Though the Fast & Furious franchise is mostly known for its slow shift from movies about street racing to high octane vehicular heists, there’s far more to it. There’s a number of contributing factors that make the films so successful, unlikely though their popularity may seem. Though the franchise’s metamorphosis is well-documented, the best Fast & Furious trope is actually its most consistent.
The first movie, The Fast and the Furious, was a relatively straightforward crime thriller about a gang of street racers. However, the transformation of the Fast & Furious movies saw them become larger-than-life action flicks following the vehicular exploits of an ever-growing family who are regularly tasked with toppling despots, terrorists, and kingpins. The path from where it started has been a long and winding one indeed.
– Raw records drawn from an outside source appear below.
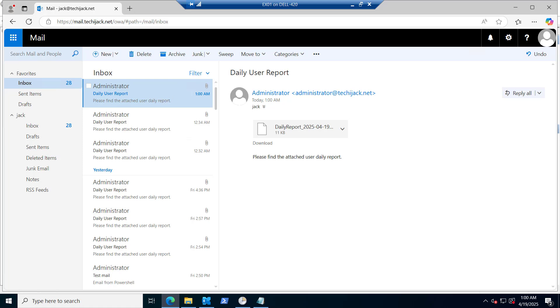This way you can schedule your daily report and you can get the daily alert for the user's last logon. I hope the video was useful. Let's meet in the next video.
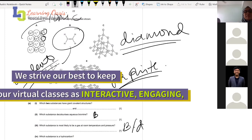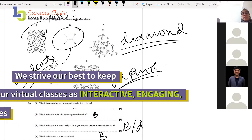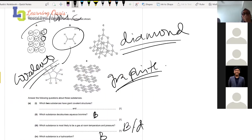The substance is a hydrocarbon. B. Why do you choose B? Because it's only made of carbon and hydrogen.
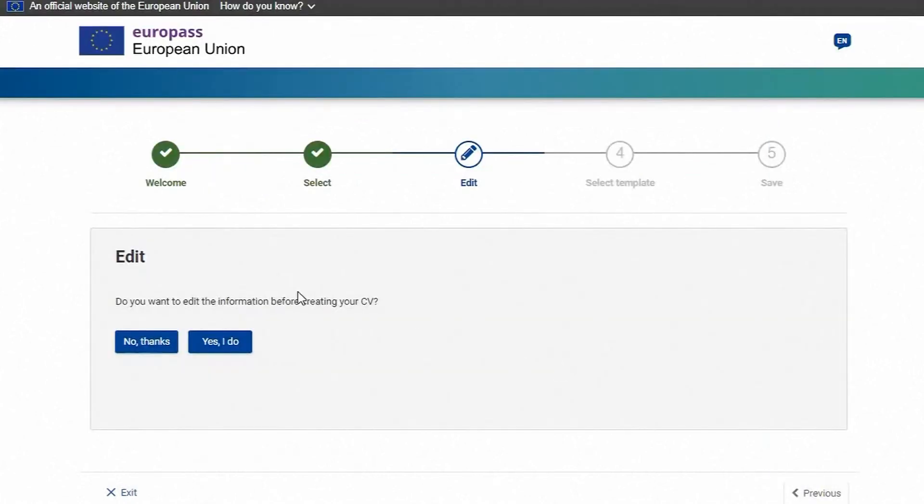If you wish you can edit the information in your CV. But be aware that anything you change here is for the CV only and will not be updated in your Europass profile.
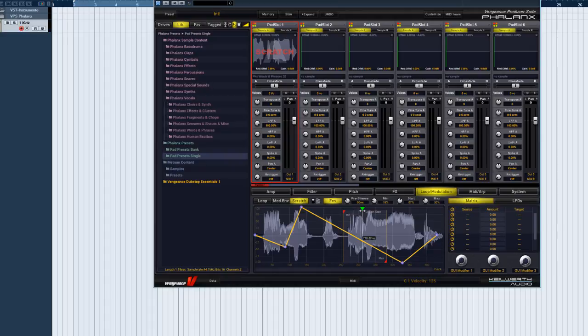The scratcher also sounds great if you use it on pitched sawtooth lead sounds. What you finally do with the Scratcher in Phalanx is up to you and your imagination. This concludes the Phalanx Loop tutorial.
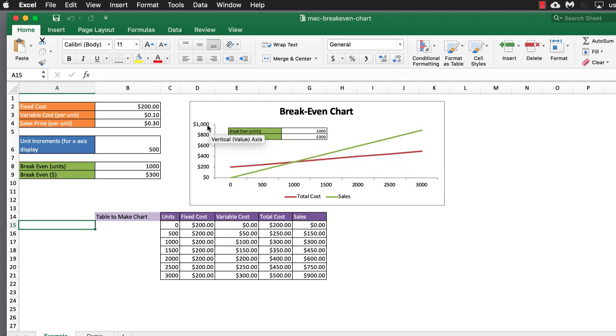So this is our break-even chart. It's going to need to rely on a couple pieces of data which you're going to choose. We have our fixed costs. Let's say we're making widgets. We have our fixed cost, $200.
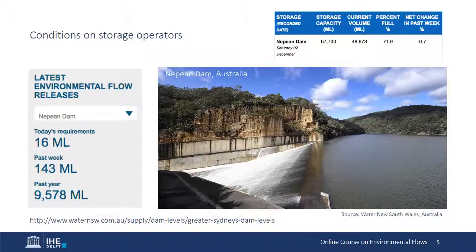The information on the screen is from the Nepion Dam in Australia. Not only does this dam have the release of e-flows as part of its operational rules, the information about daily releases is also made available via the internet. The figures on the left are from the 2nd of December 2017, and they indicate 16 million liters released as environmental flows. Figures for the past week and the past year are also indicated. Having this information provided daily enables downstream water managers to know what is coming and to better coordinate their releases for maximal environmental benefits.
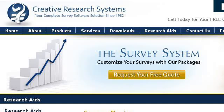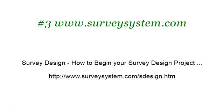Last but not least, try our third-ranked site www.surveyzstem.com — the webpage Survey Design: How to Begin Your Survey Design Project. Here's the link. Thank you.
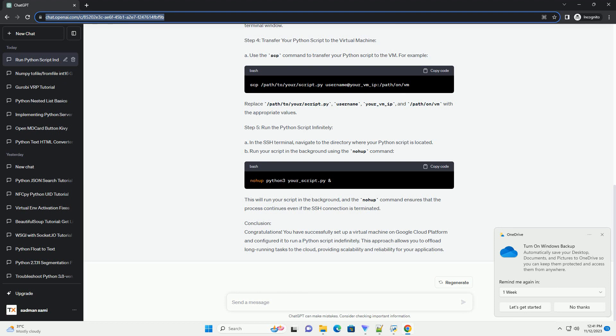We'll use a cloud service called Google Cloud Platform (GCP) and its compute engine to achieve this. Specifically, we'll create a virtual machine instance and configure it to run our Python script continuously.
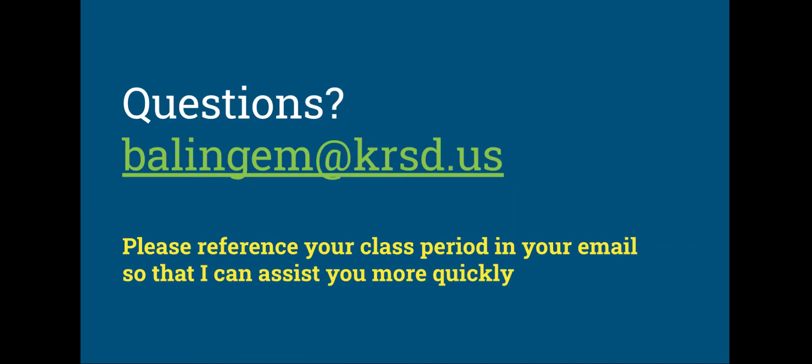If you have any questions, please email me. One quick note: please reference your class period in your email so I can assist you more quickly. It helps me get into the correct Schoology course immediately.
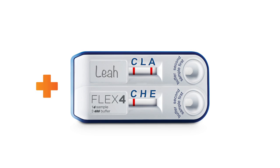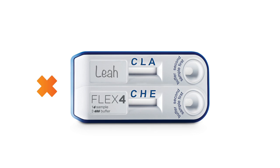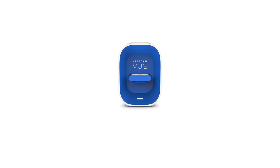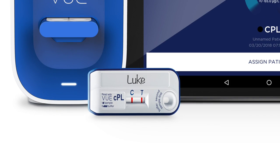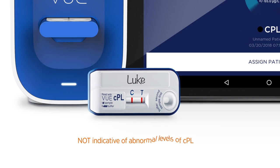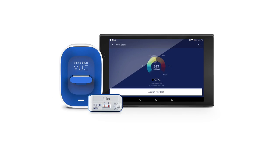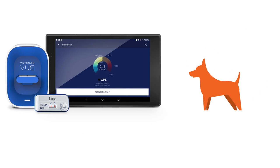The View interprets a test as negative when only the control line appears and no test line is visible. If no colored line appears at the control line area, the test is invalid. The VetScanView is required to interpret the semi-quantitative results of the VetScan CPL RapidTest. A visible test line on the VetScan CPL RapidTest is not indicative of abnormal levels of CPL and may appear even in normal or healthy dogs.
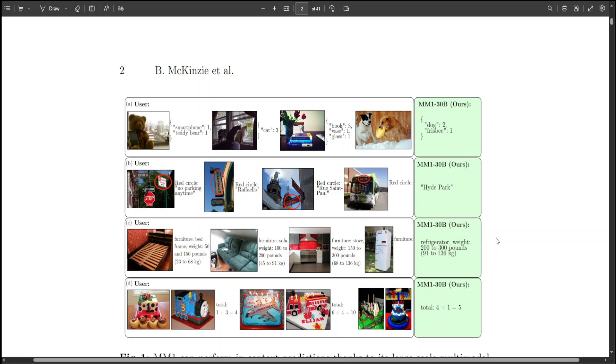Now you can see on the very right, if you go through it, it is telling about the refrigerator. It is just an image of a refrigerator, nothing else, and it has even given a weight of 200 to 300 pounds from its knowledge base. How cool is that?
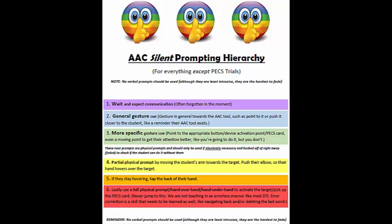Lastly, the reminder: no verbal prompts should be used throughout all these steps. We are zipping our lip. Although verbal prompting is the least intrusive to the student because it doesn't invade their personal space, it's the hardest for us to stop doing, and therefore it becomes a routine and the student depends on it. They expect it and will actually not do anything because they're waiting to hear that verbal prompt. So in order to protect ourselves from creating that prompt dependency, we need to zip our lip.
Though the franchise has become synonymous with this shift of focus, it’s actually more consistent than it seems. The Fast & Furious movies perpetuate a number of action movie tropes, but there’s one that it has secretly turned into one of the franchise’s core tenets. In all of the best Fast & Furious movies, the gang turns an enemy into a friend who last aids them in their exploits. Their knack for it is uncanny, really.
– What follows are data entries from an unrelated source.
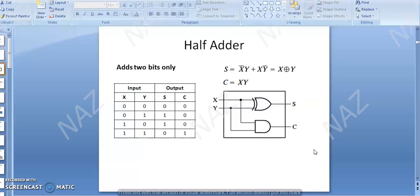In Addition, what we had: for example, binary bit 0 plus 0 gives you 0; 0 plus 1 gives you 1; 1 plus 0 is equal to 1; 1 plus 1 gives sum 0 and carry 1 is generated. So sum comes and carry is generated, which gives us combined output 1, 0.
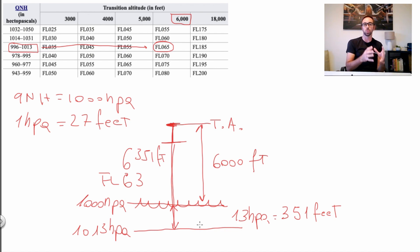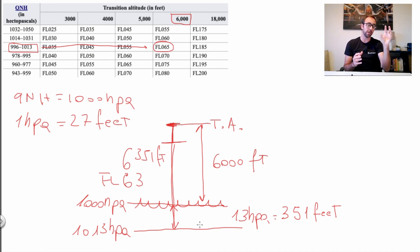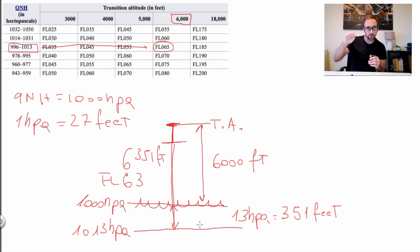As a pilot, you simply receive the transition level from air traffic controllers — they look at the table and tell you exactly what it is for that day. You only need to change from 1013 to the local QNH once you reach that flight level. If you want to practice: look up the QNH at your local airport on Google, find the transition altitude, and calculate the transition level yourself. If you have any questions, leave a comment below and I'll help you out. I hope you liked the video — please give it a like and consider subscribing. The transition level is a very important topic and I want you to get 100% of today's video. Have a great day and I'll see you in the next one.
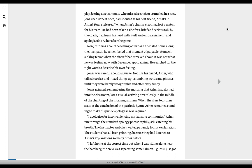I apologize for inconveniencing my learning community. Asher ran through the standard apology phrase rapidly, still catching his breath. The instructor and class waited patiently for his explanation.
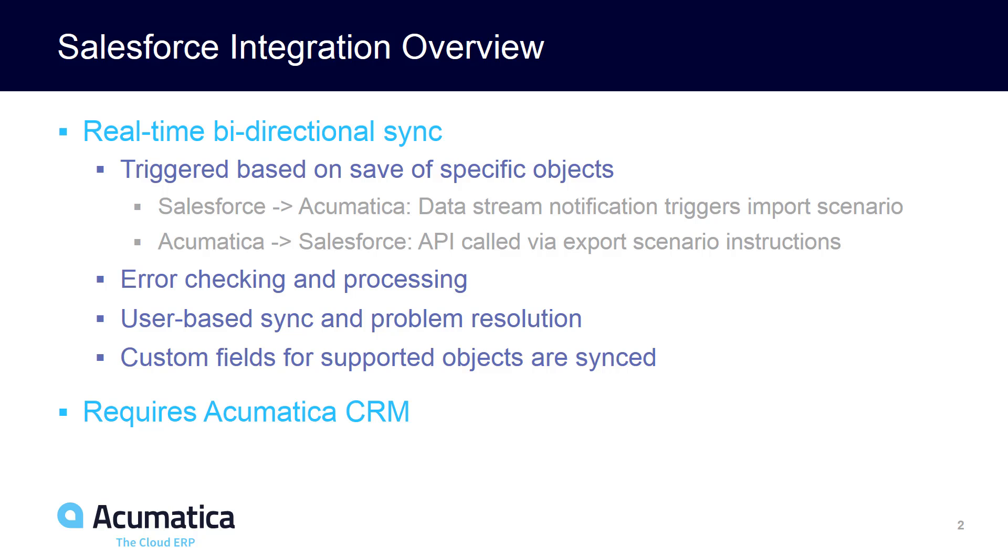In addition to the real-time nature of the sync, there's additional error checking and processing, user-based sync and problem resolution, and we do support custom fields that are attached to the specific objects that are synced.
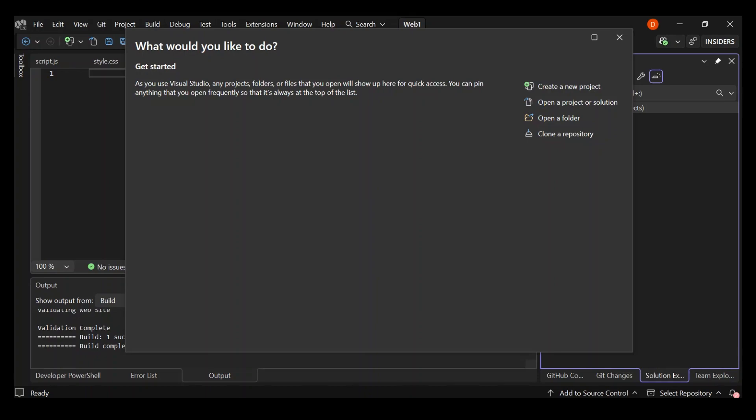Hello everyone, welcome back once again. Today, I'm going to show you how to create a very simple HTML, CSS and JavaScript only website inside Visual Studio 2022.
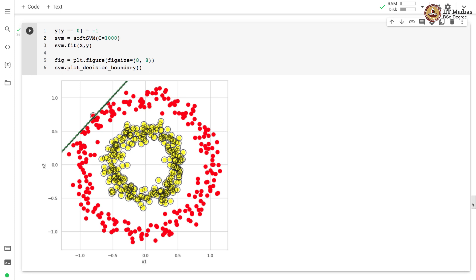In the next video we'll implement the kernel method to address this problem. In this video we implemented soft SVM using hinge loss from scratch and demonstrated its utility in linearly separable cases. We also showed that even with largely linear separable classes with some noise, soft SVM is able to learn a decent decision boundary. However, soft SVM cannot learn a non-linear decision boundary when the two classes are not linearly separable. In the next video we'll implement kernel SVM for such cases.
Turning Enemies Into Heroes Has Always Been The Best Fast & Furious Trope
In the first film, Brian O’Conner works undercover to bring down a gang of street racing thieves. However, after befriending Dominic Toretto, O’Conner finds himself unable to bring him in. (It’s like Point Break with cars.) Though the two spent the movie on opposing sides of the law, they become friends. This is where the trope starts.
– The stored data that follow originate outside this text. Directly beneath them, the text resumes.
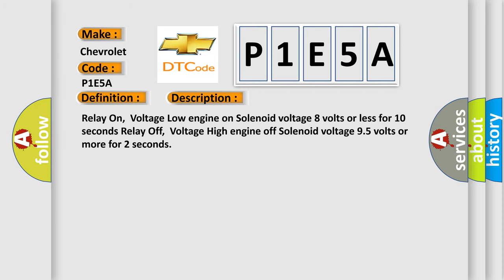Relay on voltage low: engine on, solenoid voltage 8 volts or less for 10 seconds. Relay off voltage high: engine off, solenoid voltage 95 volts or more for 2 seconds.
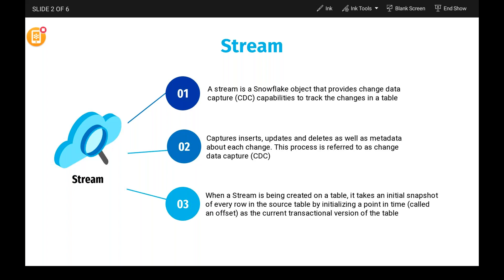A stream is intelligent enough to identify changed data. That means it is able to identify what data is changing from the previous snapshot to the current snapshot. A stream is a Snowflake object that provides change data capture capabilities to track changes in a table — it understands what has been changed from the previous snapshot to the current snapshot.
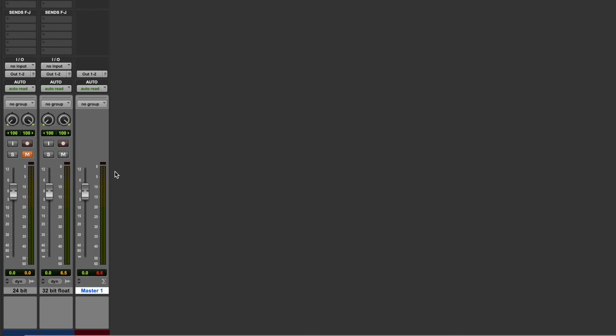So should you bounce to 32-bit float? Well, it kind of depends. If you're being very intentional about the levels in your mix, then theoretically this shouldn't be necessary because there shouldn't be any clipping in your track.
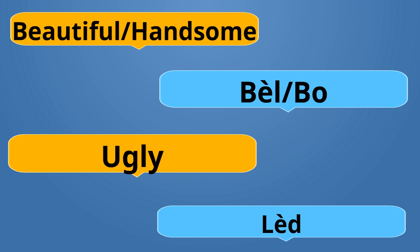Beautiful or Handsome is Bel or Bo. Bo is for male, Bel for female. Ugly is Led. Bel or Bo is the opposite of Led.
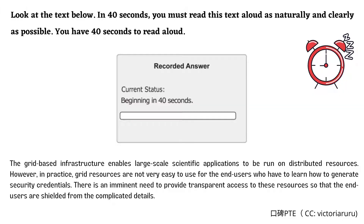The grid-based infrastructure enables large-scale scientific applications to be run on distributed resources. However, in practice, grid resources are not very easy to use for the end-users who have to learn how to generate security credentials.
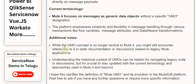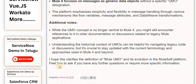While the UMO concept is no longer central to Mule 4, you might still encounter references to it in older documentation or discussions related to legacy Mule applications. Understanding the historical context of UMOs can be helpful for navigating legacy code, but it's crucial to stay updated with the current terminology and approaches used in Mule 4 and beyond. Feel free to ask if you have any further questions or require more specific information.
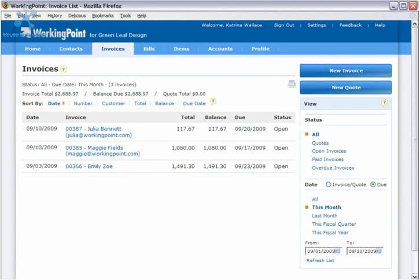Whether you are creating new invoices or quotes, looking for an old invoice, or estimating revenue coming in, the Working Point invoices list gives you a lot of control so things don't slip through the cracks.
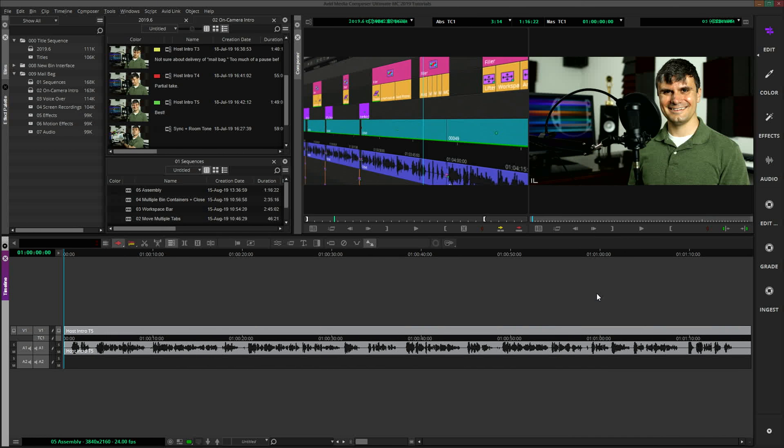Speaking of workspaces, some editors have been complaining that the new workspace bar takes up too much screen real estate. And I agree, it is large, but we need to remember that Avid's intent is to make the application more inviting to new users. So on balance, I do think this helps ease Media Composer's learning curve.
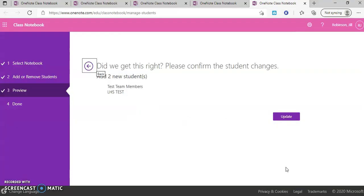And then the final step is to click update. Once you have clicked update, that is then going to create your student and it's going to put them into your notebook, and they will be able to access the notebook by logging into Office 365 for the first time.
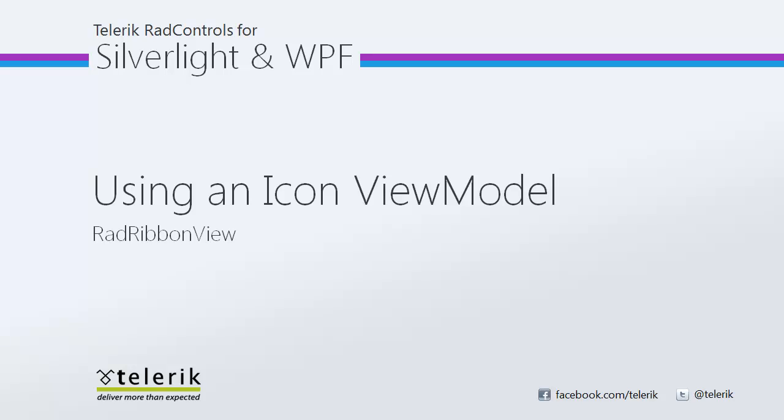Today I'm going to walk you through using an icon view model using RadRibbonView. As a reminder, RadRibbonView is part of the Telerik RadControls for Silverlight and WPF control suites for .NET XAML development.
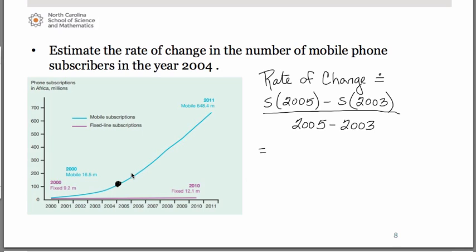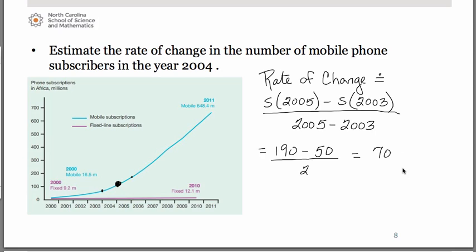Looking at the graph: for 2005 I estimated about 190 million, and for 2003 about 50 million. That gave me an answer of 70. Now, when I also tried this on paper by drawing a tangent line to the curve, I got an answer of 50 — notice there is a big difference. Again, we're really going for the process you use to obtain your answer. So in the year 2004, the number of mobile phone subscribers was increasing approximately 70 million per year in Africa.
The subsequent two movies struggle with the idea. O’Conner former friend Roman butt heads throughout the film, but they’re hardly enemies. Even so, Roman is later inducted into the gang. Tokyo Drift sees the trope go out the window, but the gang still earns a new member (retroactively, because there’s some weird timeline stuff). After that, the fourth movie sees Gisele (Gal Gadot) join the gang, Fast Five sees Hobbs and Elena go from hunting Toretto to joining him.
The sixth film sees a brainwashed Letty rejoin the gang after working against them, the seventh sees Ramsey join them. The eighth film has former antagonist Deckard Shaw team up with Dom and co., and the ninth sees long-lost brother Jakob Toretto go from enemy to ally. In other words, it’s a narrative idea that the franchise can’t seem to leave alone. However, it’s actually the best Fast & Furious trope – it reinforces the idea that the gang is a family. Subtly implanting their forgiving nature into the story helps us forget that they’re essentially career criminals. Makes sense then, really.